A la mañana siguiente, Petu hizo una compra como en los viejos tiempos, todos los alimentos prohibidos recuperaron su lugar, reaparecieron las carpetas y cuadernos. El glorioso imperio del desorden volvió a prevalecer. Se centró en su trabajo y en la literatura. Escribió más que nunca. En seis meses terminó Sueño de agosto. Y comenzó la parte más dura del trabajo: encontrar una editorial que aceptase a una escritora desconocida.

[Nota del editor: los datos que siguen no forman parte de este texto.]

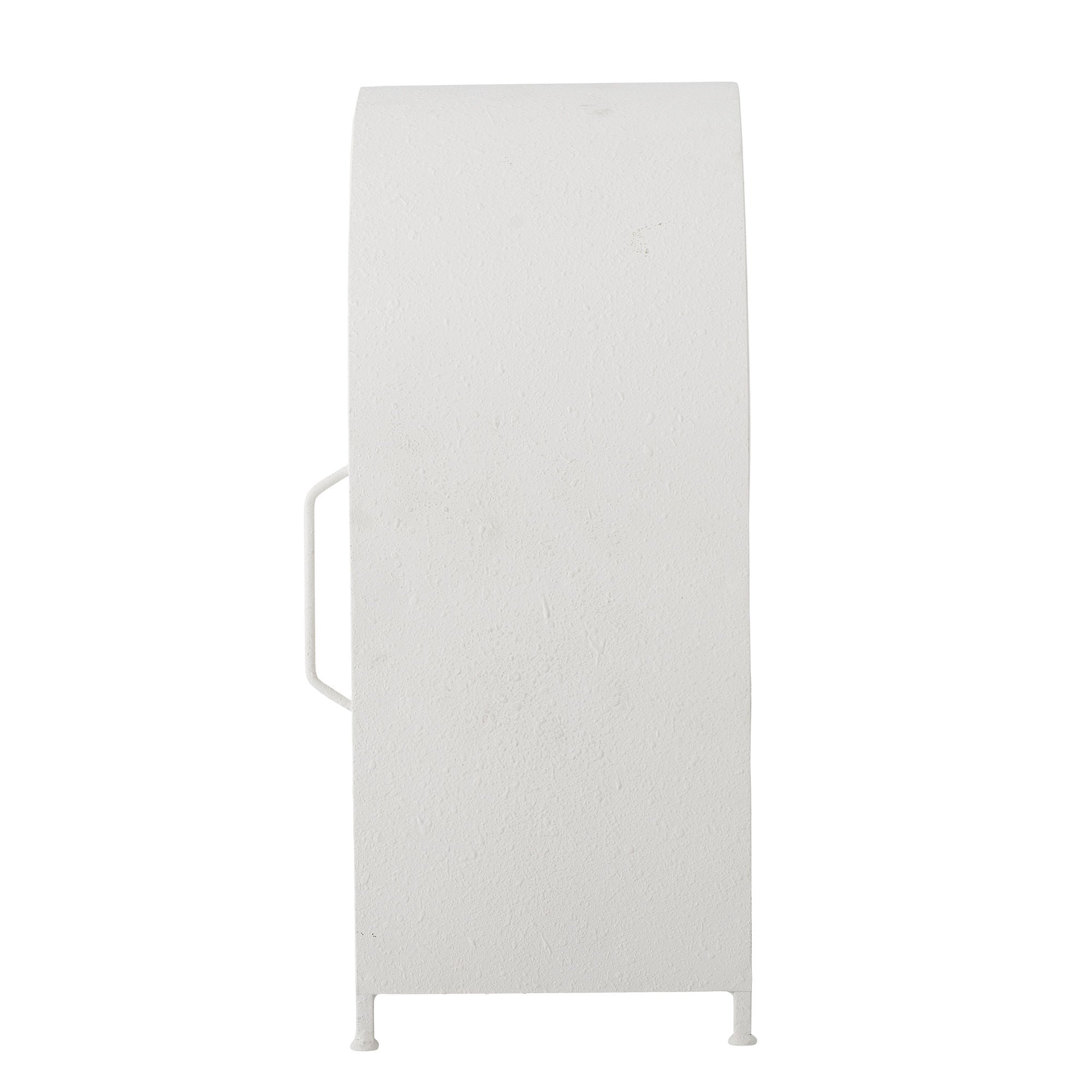 Soria Kabinett, Metall, Weiß lackiert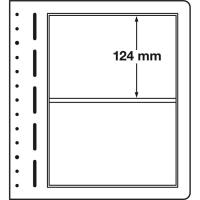 LEUCHTTURM LB 2 Blankobltter, 2er Einteilung, 190x124 mm, Packung mit 10 Bltter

Su recorrido por las editoriales fue toda una odisea. La novela se paseó hasta el infinito ida y vuelta, afortunadamente existía el correo electrónico, que ahorraba la humillación de que le dieran un portazo en la cara al iluso escritor de turno.

—Mamá, esto está resultando agotador —le comentó a su madre por teléfono—. Ya no sé dónde mandar la novela. Unos no aceptan manuscritos no solicitados, otros no contestan a mis correos a menos que sea para sugerirme la autopublicación, y me supone un gasto que no me puedo permitir. Es frustrante, mamá, de verdad.

—Ya te lo dije, ¿te acuerdas? Mira, Petu, más vale que seas realista y reconozcas que estás perdiendo el tiempo. Tienes un trabajo estupendo, un sueldo decente y piso propio. Eso es más de lo que tiene la mayoría. Deja la escritura y no te compliques la vida.

—Dejarlo todo a la primera contrariedad, ¿ese es tu consejo? Joder, mamá, así no me ayudas. Pero bueno, esa ha sido tu filosofía de vida desde que tengo memoria. Nunca luchar por nada.

—Vaya, ¿a qué viene eso, Petu?

—Dejaste que papá se fuera sin mover una pestaña. Yo no haré lo mismo, voy a luchar por lo que creo y amo.

—Dice la que no pudo aguantar a su novio.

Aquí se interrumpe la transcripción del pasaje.